Germany: Must Online Platforms Provide a Guest Checkout?

A recent ruling by the Higher Regional Court of Hamburg (OLG Hamburg) has reignited an ongoing debate in Germany about whether online shops must offer guest checkouts due to the EU General Data Protection Regulation (GDPR).

In March 2022, the German Data Protection Conference (Datenschutzkonferenz, DSK) - an assembly of Germany’s federal and state data protection authorities - published a decision indicating that online retailers who do not offer a guest checkout option are, in principle, infringing the GDPR. According to the DSK, a mandatory permanent customer account would not only breach the GDPR’s data minimisation principle but also require the customer’s GDPR-level consent under Article 6(1)(a) GDPR, which could only be “freely given” if the retailer offers a guest checkout option. According to the DSK, a mandatory customer account can only be justified in “exceptional, special circumstances”.
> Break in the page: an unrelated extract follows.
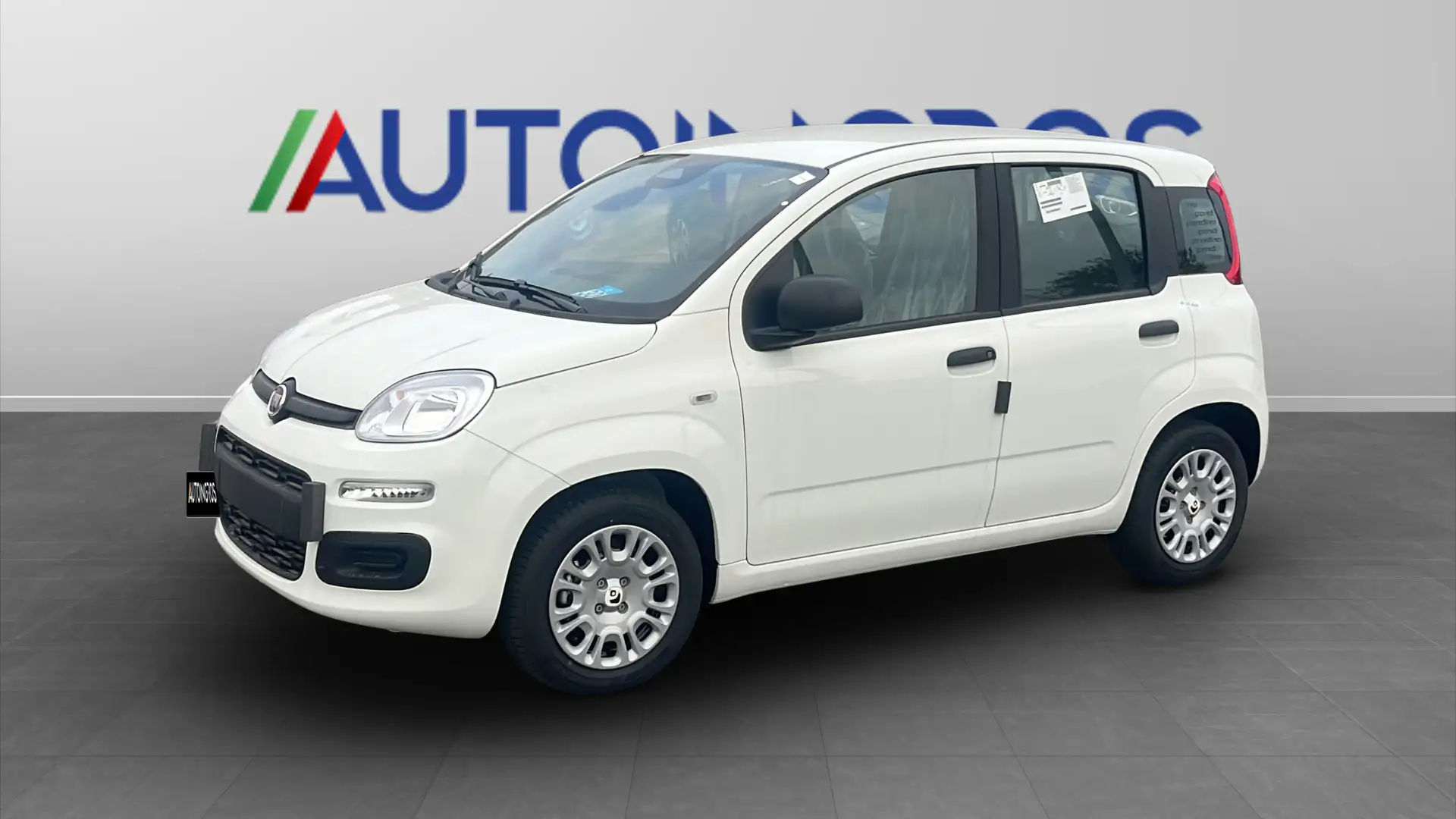 Fiat Panda 1.0 FireFly Hybrid Icon Bianco - 1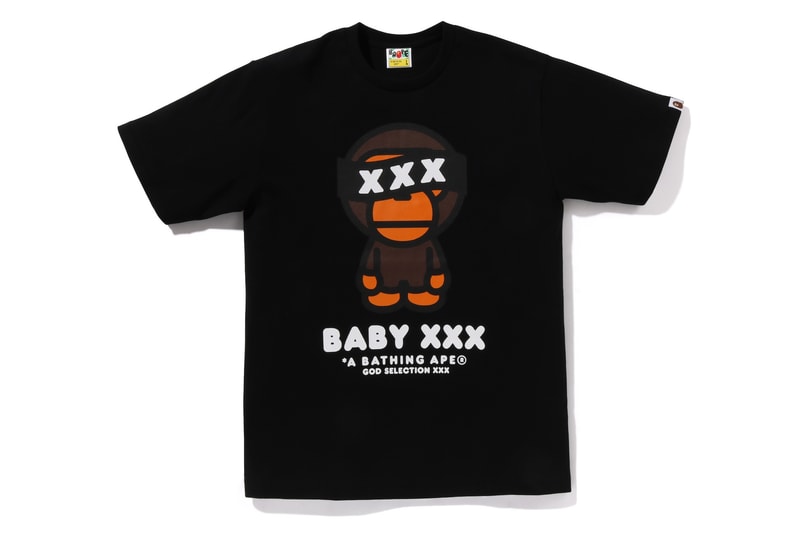 BAPE x GOD SELECTION XXX 释出全新 2024 联名系列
While the DSK's stance is not legally binding on German courts, it has sparked significant discussion, given that many online businesses depend on mandatory customer accounts for reasons such as streamlined order management and fraud prevention.

The OLG Hamburg Decision

In a ruling dated 27 February 2025 (Case No. 5 U 30/24), the OLG Hamburg examined the customer journey of a major German online marketplace that did not offer a guest checkout. The German Federal Association of Consumer Protection (Verbraucherschutzzentrale Bundesverband, “vzbv”) brought the case, referencing the earlier DSK decision and arguing that the marketplace’s setup was unlawful.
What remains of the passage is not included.